HDP Sözcüsü Ayhan Bilgen, gündeme ilişkin değerlendirmelerde bulundu. Savaşın başlamasının, çatışmaların, her gün insanların kaybediliyor olmasının sebebinin çözüm süreci olmadığını belirten Bilgen, "Tam tersine çözüm sürecinin iyi yönetilememesi, çözüm sürecinin gereklerinin yerine getirilememesi ve çözüm sürecinden vazgeçilmesidir. Eğer çözüm sürecini savaşın sebebi, ölümlerin sebebi diye yorumlarsanız geriye askeri çözüm hevesinden başka bir şey kalmaz. Bu yol denenmiştir, Türkiye yeterince ağır fatura ve bedel ödemiştir yeniden başka ellerle yeni yüzlerle bu yolu denemeye kalkmanın ne akılcı ne de insani bir tarafı vardır." diye konuştu. 'Çözüm süreci hiç başlamasaydı' gibi yorum ve yaklaşımların bu sorunu hiç bilmemekten kaynaklandığını kaydeden Bilgen, "Bu sorunu hiç anlamamaktan kaynaklanıyor. Bizi yalan söylemekle, yalan üzerine siyaset yürütmekle itham edenlere tek bir şeyi hatırlatmak istiyorum. Kursağında haram lokma bulunanın, sırtında haram hırka bulunanların kimseye yalan konusunda ders verme hakkı ve haddi olamaz." dedi.

"YUNANİSTAN'DA, ALMANYA'DA PARLAMENTOYA GİREN TÜRK VEKİLLER HAİN Mİ?"

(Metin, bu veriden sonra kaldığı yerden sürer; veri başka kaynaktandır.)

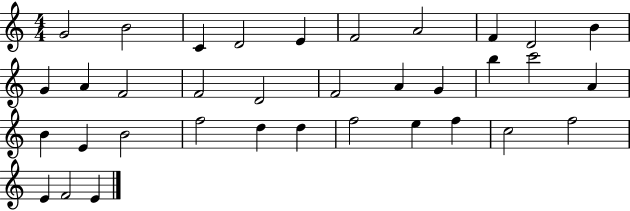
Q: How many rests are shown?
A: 0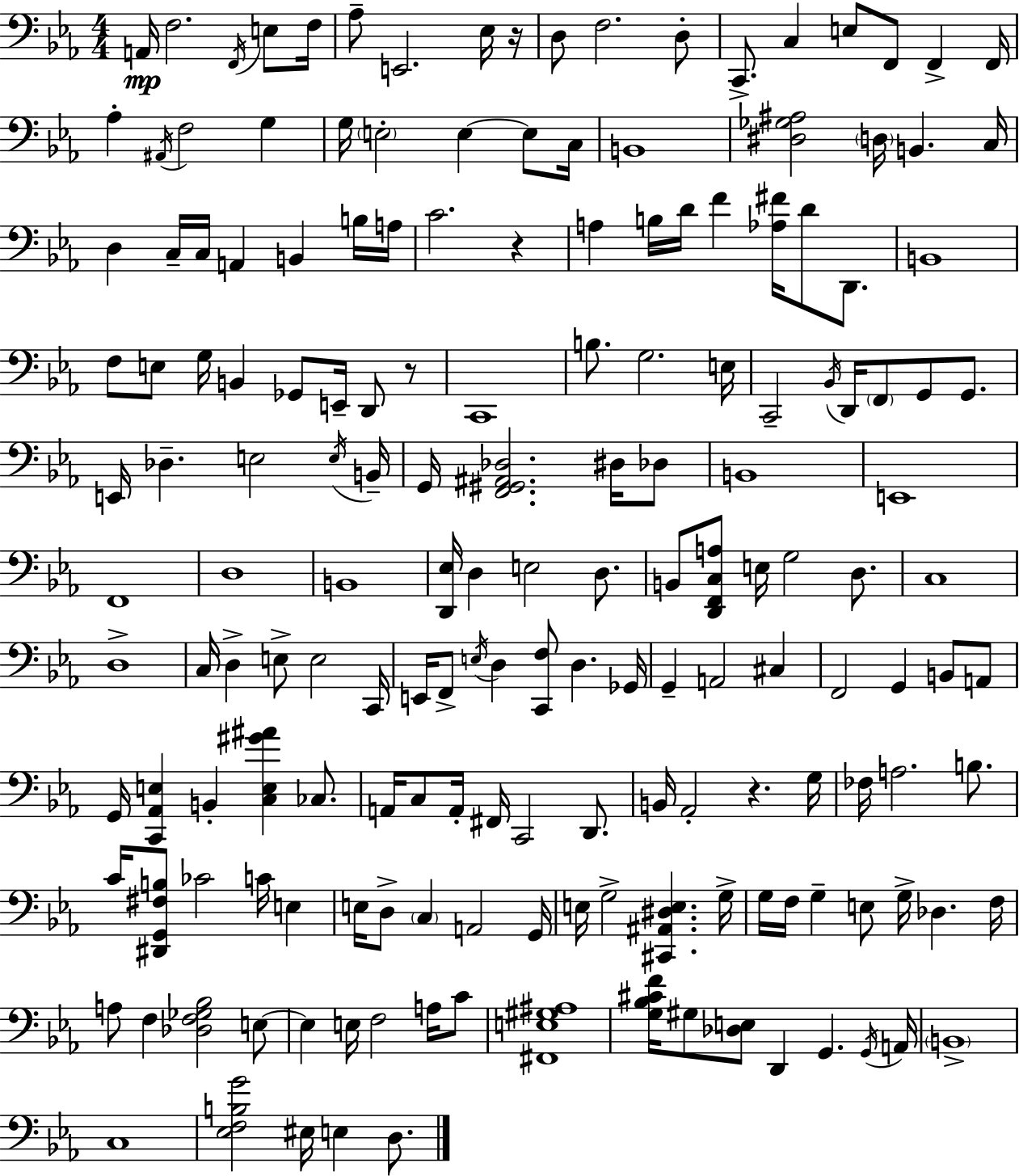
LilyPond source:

{
  \clef bass
  \numericTimeSignature
  \time 4/4
  \key ees \major
  a,16\mp f2. \acciaccatura { f,16 } e8 | f16 aes8-- e,2. ees16 | r16 d8 f2. d8-. | c,8.-> c4 e8 f,8 f,4-> | \break f,16 aes4-. \acciaccatura { ais,16 } f2 g4 | g16 \parenthesize e2-. e4~~ e8 | c16 b,1 | <dis ges ais>2 \parenthesize d16 b,4. | \break c16 d4 c16-- c16 a,4 b,4 | b16 a16 c'2. r4 | a4 b16 d'16 f'4 <aes fis'>16 d'8 d,8. | b,1 | \break f8 e8 g16 b,4 ges,8 e,16-- d,8 | r8 c,1 | b8. g2. | e16 c,2-- \acciaccatura { bes,16 } d,16 \parenthesize f,8 g,8 | \break g,8. e,16 des4.-- e2 | \acciaccatura { e16 } b,16-- g,16 <f, gis, ais, des>2. | dis16 des8 b,1 | e,1 | \break f,1 | d1 | b,1 | <d, ees>16 d4 e2 | \break d8. b,8 <d, f, c a>8 e16 g2 | d8. c1 | d1-> | c16 d4-> e8-> e2 | \break c,16 e,16 f,8-> \acciaccatura { e16 } d4 <c, f>8 d4. | ges,16 g,4-- a,2 | cis4 f,2 g,4 | b,8 a,8 g,16 <c, aes, e>4 b,4-. <c e gis' ais'>4 | \break ces8. a,16 c8 a,16-. fis,16 c,2 | d,8. b,16 aes,2-. r4. | g16 fes16 a2. | b8. c'16 <dis, g, fis b>8 ces'2 | \break c'16 e4 e16 d8-> \parenthesize c4 a,2 | g,16 e16 g2-> <cis, ais, dis e>4. | g16-> g16 f16 g4-- e8 g16-> des4. | f16 a8 f4 <des f ges bes>2 | \break e8~~ e4 e16 f2 | a16 c'8 <fis, e gis ais>1 | <g bes cis' f'>16 gis8 <des e>8 d,4 g,4. | \acciaccatura { g,16 } a,16 \parenthesize b,1-> | \break c1 | <ees f b g'>2 eis16 e4 | d8. \bar "|."
}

Halkların Demokratik Partisi (HDP) Sözcüsü Ayhan Bilgen, partisinin genel merkezinde seçim çalışmaları ile ilgili basın toplantısı düzenledi. Toplantının ardından Bilgen, basın mensuplarının sorularını cevapladı. Bir gazetecinin, "Cumhurbaşkanı Recep Tayyip Erdoğan, 'Kürt sorunu yoktur' ve 'Yerli ve milli milletvekili istiyoruz.', Başbakan Ahmet Davutoğlu da 'HDP'yi hep birlikte baraj altında bırakacağız' dedi. Bu açıklamaları nasıl değerlendirirsiniz?" sorusuna Bilgen, şu cevabı verdi: "Türkiye'nin Kürt sorunu yoksa geriye bir tek şey kalıyor; sorumsuz cumhurbaşkanı ve yetkisiz başbakan sorunu var. Yersiz konuşmalar ve yersiz açıklamalarla kendi haddini, sınırlarını Anayasa'nın kendisine çizdiği çerçeveyi tanımayacağını tam bir Kasımpaşalı kabadayısı üslubu ile ilan eden, meydan okuyan tarzın kendisi doğrudan doğruya aslında Türkiye'deki barışın, kardeşliğin, demokrasinin önünde engele dönüşmüştür. Cumhurbaşkanı galiba İsviçre marka saat meraklısı yerli siyasetçilerden bahsediyor. Hırsızlığın siyasette hiçbir önemi yok, şaibenin, iş takipçiliğinin hiçbir önemi yok olacak ki yerlilik ve millik duygusu başka bir şeyi hatırlatıyor bize; Almanya'da demokrasinin tümüyle askıya alındığı Hitler'in aktör olduğu son seçimlerde de safkan milletvekillerine oy isteme çabası vardı. Yunanistan'da dün seçim yapıldı, 3 Türk milletvekili Yunanistan Parlamentosu'nda temsil imkanı bulacak. Buradaki Türk milletvekilleri Yunanistan'da hain konumunda mı? Almanya'da Türk, Kürt ya da farklı halklardan milletvekilleri yerel ve federal parlamentoda temsil imkanı buluyor. Burada herkesin ağzından çıkanı kulağı duyması gerekiyor, bu ülkede yaşayan herkesin Parlamento'da temsil imkanı var."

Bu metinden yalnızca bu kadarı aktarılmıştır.